Assignment
Beginning at the line containing "Фото Вікторія Попович", repeat each line below exactly up to and including the line containing "Dining Room 19". Do not repeat the pictures.

Data excerpts
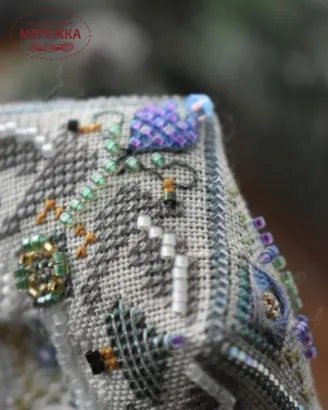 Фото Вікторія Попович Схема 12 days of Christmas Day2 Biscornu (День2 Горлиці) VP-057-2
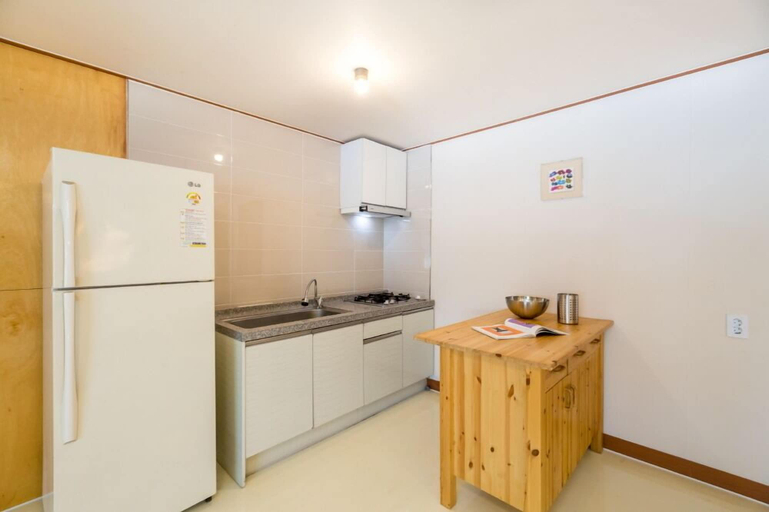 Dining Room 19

--

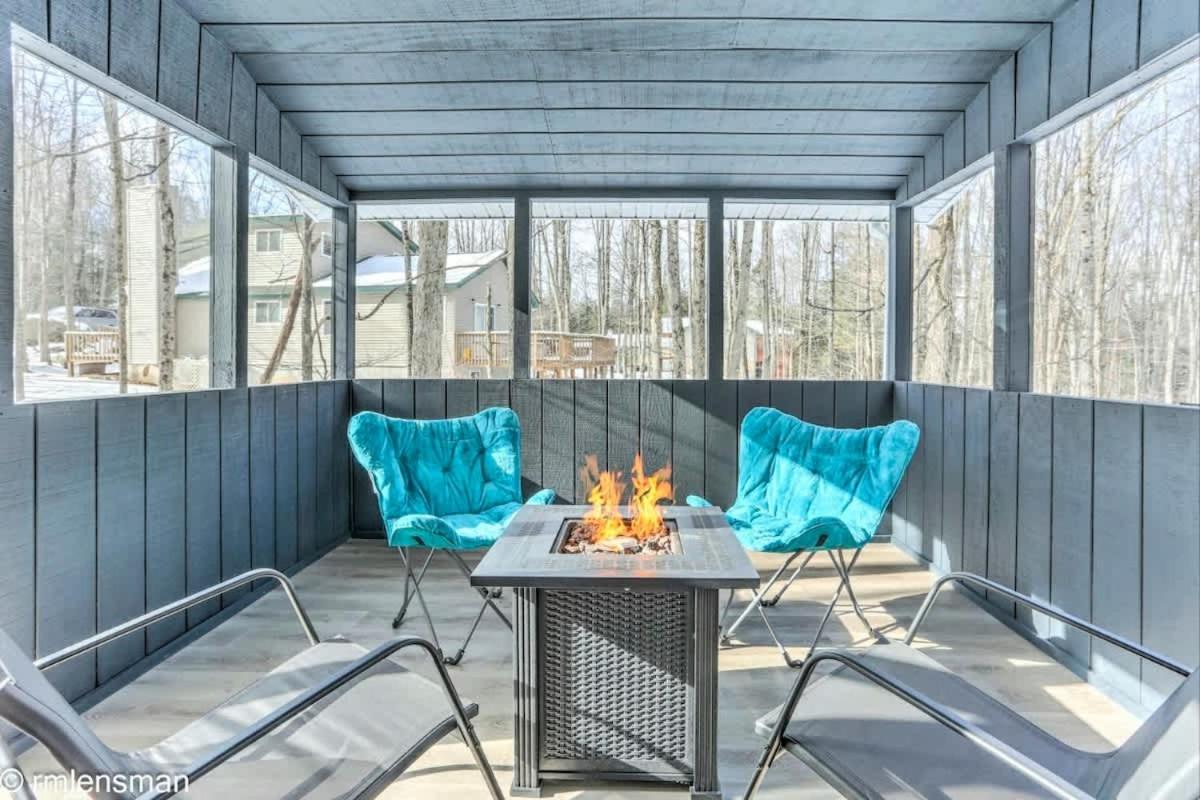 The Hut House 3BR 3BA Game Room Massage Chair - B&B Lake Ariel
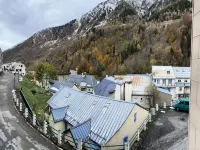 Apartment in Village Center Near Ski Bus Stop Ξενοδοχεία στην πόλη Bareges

==

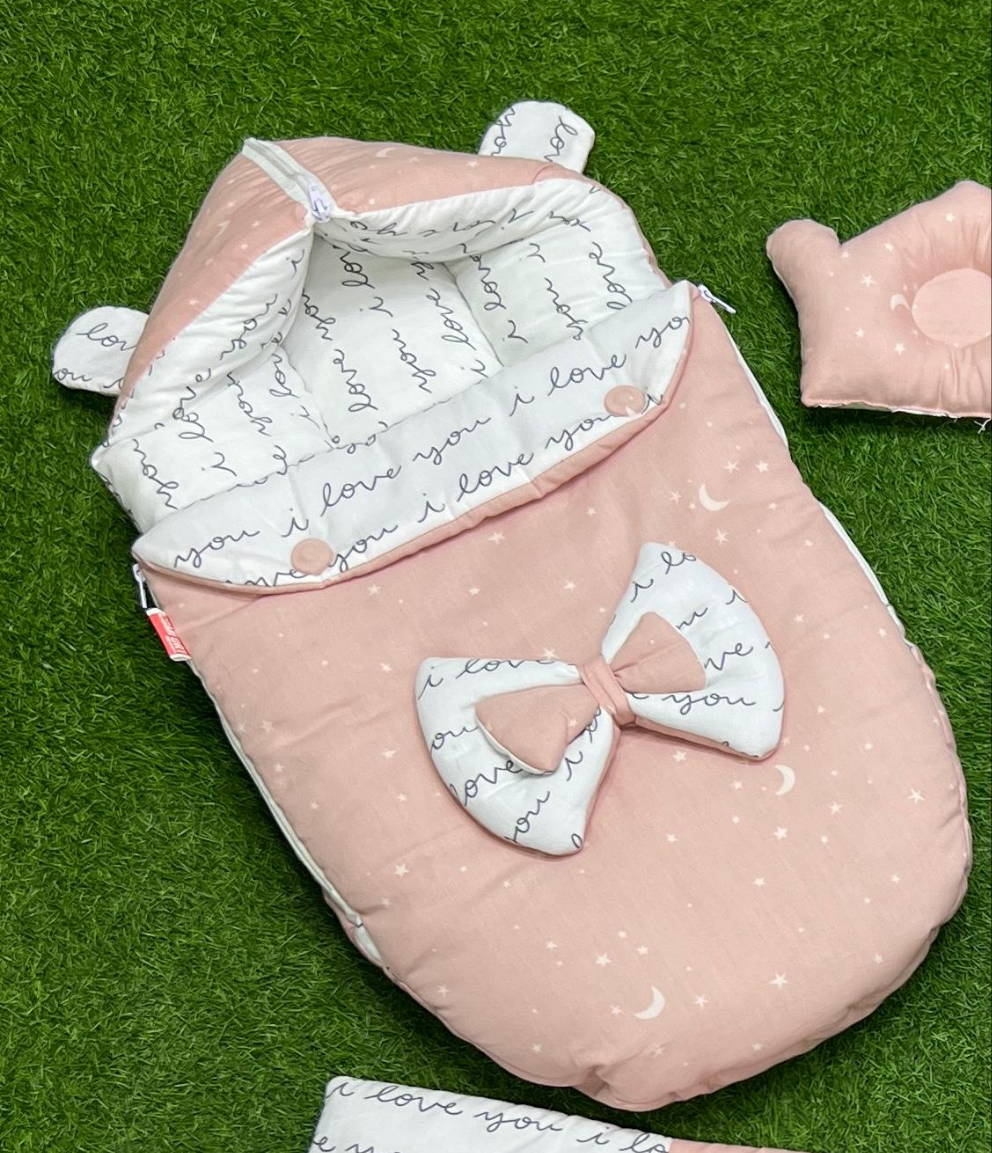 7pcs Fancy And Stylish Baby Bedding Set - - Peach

Response below
 Фото Вікторія Попович Схема 12 days of Christmas Day2 Biscornu (День2 Горлиці) VP-057-2
 Dining Room 19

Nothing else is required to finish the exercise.